Rush Limbaugh Children’s Books and Politics in the Classroom
When I was in sixth grade, my teacher would put Rush Limbaugh on the radio and sometimes we students would listen to it as part of our “current events” class. I don’t remember much about what we heard, except that I assumed Limbaugh was some kind of comedian. In the more than two decades since, Rush Limbaugh’s influence has grown and he has tried to branch out his “media empire,” most recently into children’s books.
According to The Atlantic, Limbaugh took a call on his show from a woman named Ivy who teaches third grade somewhere out in the heartland of America.
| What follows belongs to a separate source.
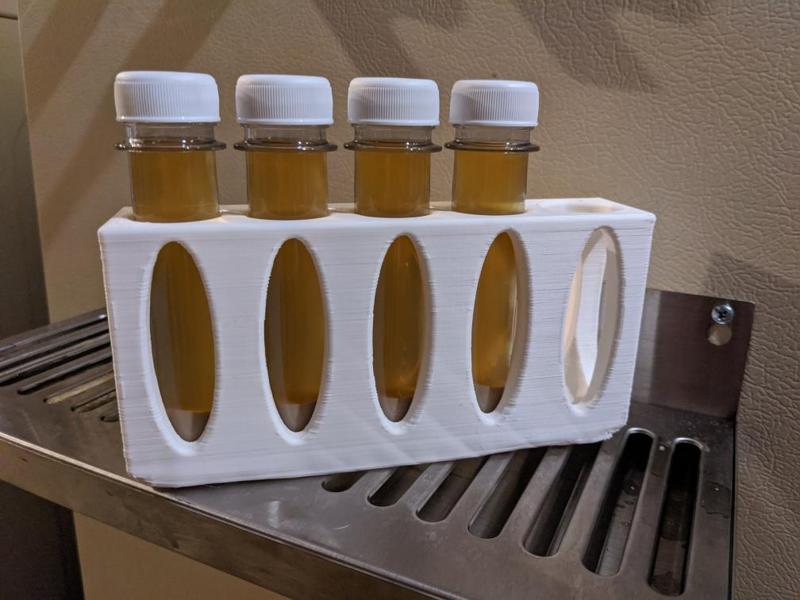 Tube holder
What makes this call notable is that she praised Limbaugh for his books and explains how she uses his book about Pilgrims to introduce the Civil War.
Actually she just read the book to kids for fun, and only used the Author’s Note, which details Rush’s feelings on American exceptionalism, as a way to “introduce the Civil War because [Ivy and her class] were about to enter a discussion on the time when slavery existed in our country but because of what [Rush] said in the book and the way [he] explained the Founders’ passion for our country, it was because of that that slavery inevitably was abolished.”
What’s troubling about this is that the Pilgrims had little to do with the founding of this country which had little to do with the eventual end of slavery. Teachers are people too, so they have every right to filter their worldview through the lens of their political ideologies. Yet, they have the trust of their students that what they teach in history or science is fact.
If Ivy taught tenth graders, perhaps this wouldn’t be such an egregious violation of that trust, because kids of a certain age are better equipped to understand the nuance of political belief. Third graders, on the other hand, aren’t.